In order to determine whether ecosystem service values are different in areas that have experienced prescribed burns, we are using a statistical approach called matching: identifying points inside the prescribed burns and ‘matching’ them with points outside of the burn that are as similar as possible. By matching points based on aspects of the landscape like elevation, forest cover type, temperature, and precipitation, we are able to say that any differences in ecosystem service values between the points is due to prescribed burning instead of some other underlying difference between the two locations. This approach is especially useful for answering environmental questions without needing to set up an experiment - we can use the prescribed burns that have already been implemented to answer our research questions across the entire Western US. 

Fig4

Example of statistical matching: Prescribed burns (red) contain different types of land cover classification including different types of forests and grasslands (different shades of green). We can find similar points to compare inside (pink) and outside (blue) of the prescribed burns by matching based on land cover classification. 

Once we have finished putting the dataset together of matched points inside and outside of the prescribed burns, we can analyze whether prescribed burns resulted in a change in ecosystem service values for drought resistance and carbon sequestration. Answering that question is the next step in our collaborative project, which we aim to complete by the end of 2023.
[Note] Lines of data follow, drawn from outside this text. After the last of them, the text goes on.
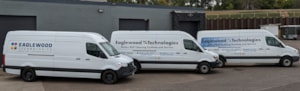 Image of Eaglewood Tech XPress Cleaning Service has Epic Year
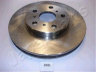 JAPANPARTS DI-282 stabdžių diskas 
 Stabdžių sistema -> Diskinis stabdys -> Stabdžių diskas
43412-20280, 43512-20190, 43512-20210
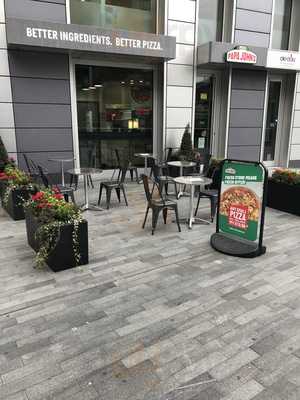 Ics Harbour Exchange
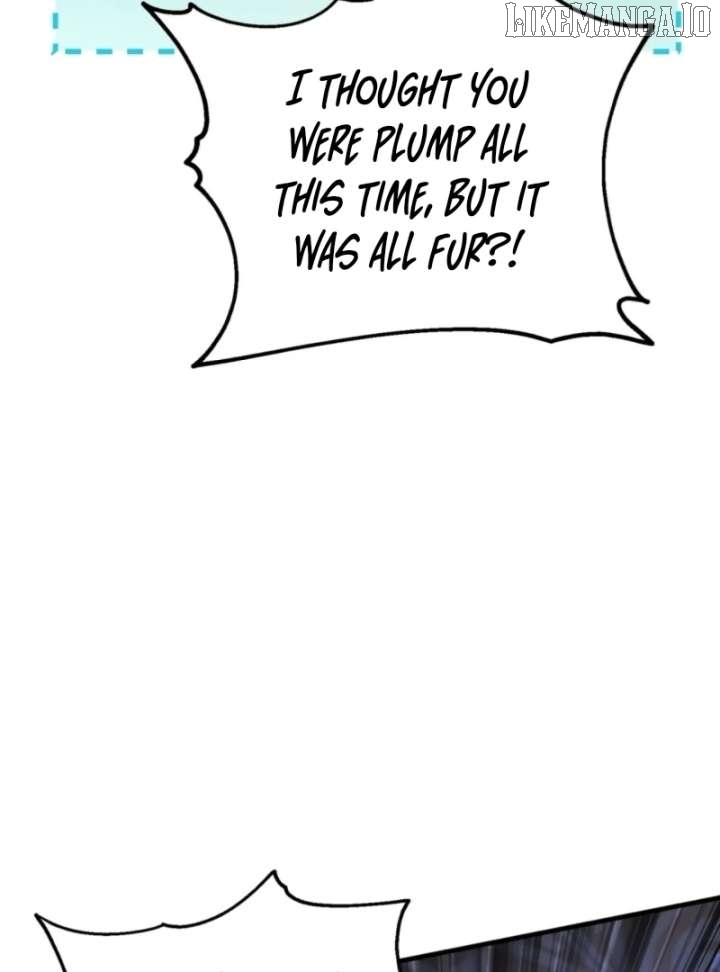 To My Dear Wolf Chapter 6 - page 11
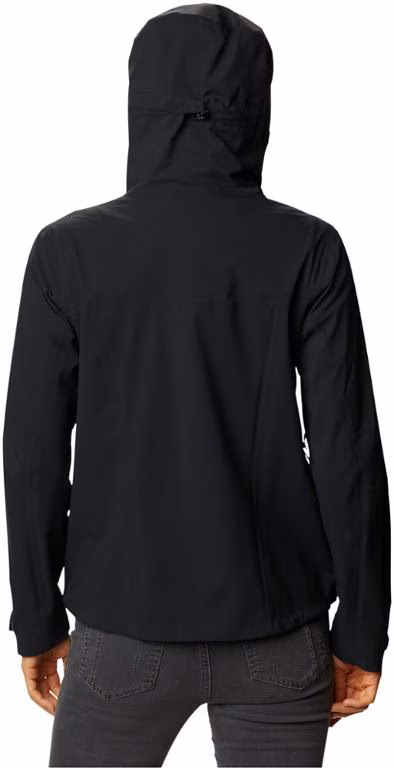 Columbia Omni-Tech Ampli-Dry Shell Jacket - Women's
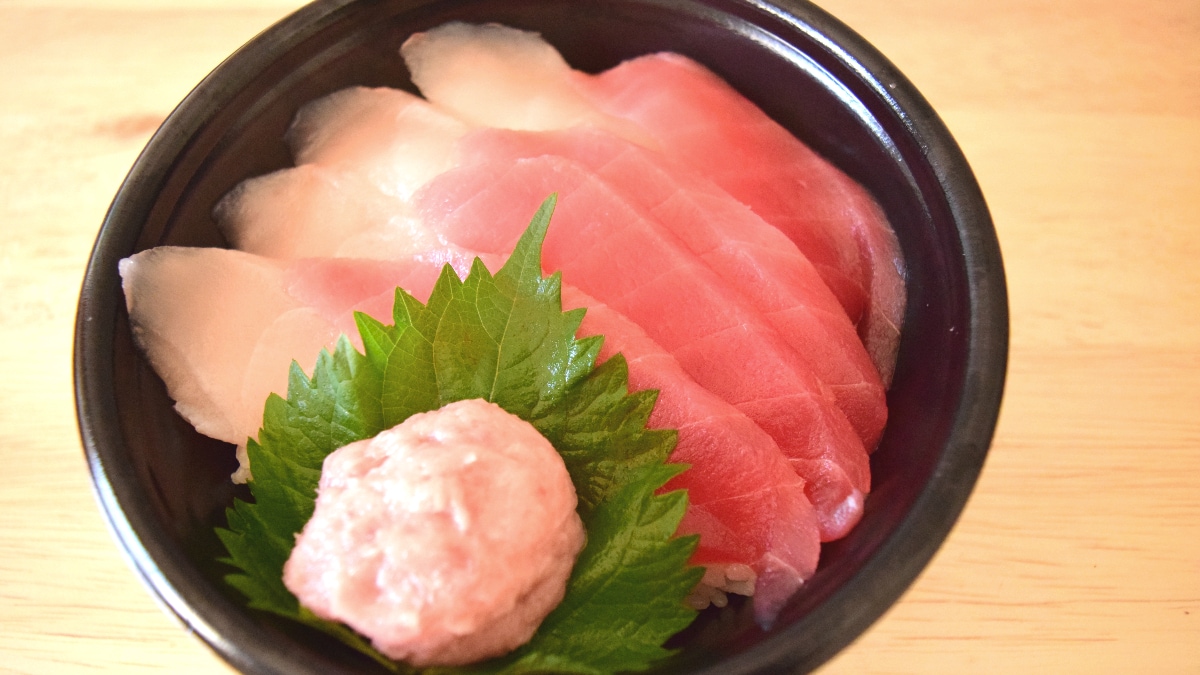 ランチの一品にちょうどいいボリューム。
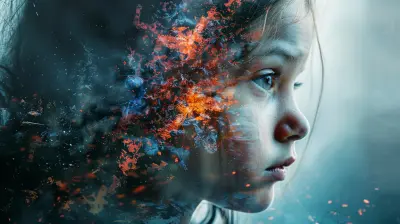 Understanding the Silent Impact of Childhood Trauma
Using the results from this analysis, we aim to develop an online tool that provides information about the expected changes to ecosystem services for planned prescribed burns. We will communicate with fire and fuels managers in the development of the tool, to make sure that it matches their information needs and provides a useful framework for considering the impacts of prescribed burns on multiple management goals. Confronting the wildfire crisis requires collaboration between scientists and managers, and using the tools and data we have at our disposal. That is why the application of new remote sensing data provides an exciting opportunity to improve our understanding of when, where, and how prescribed burns can provide benefits to communities.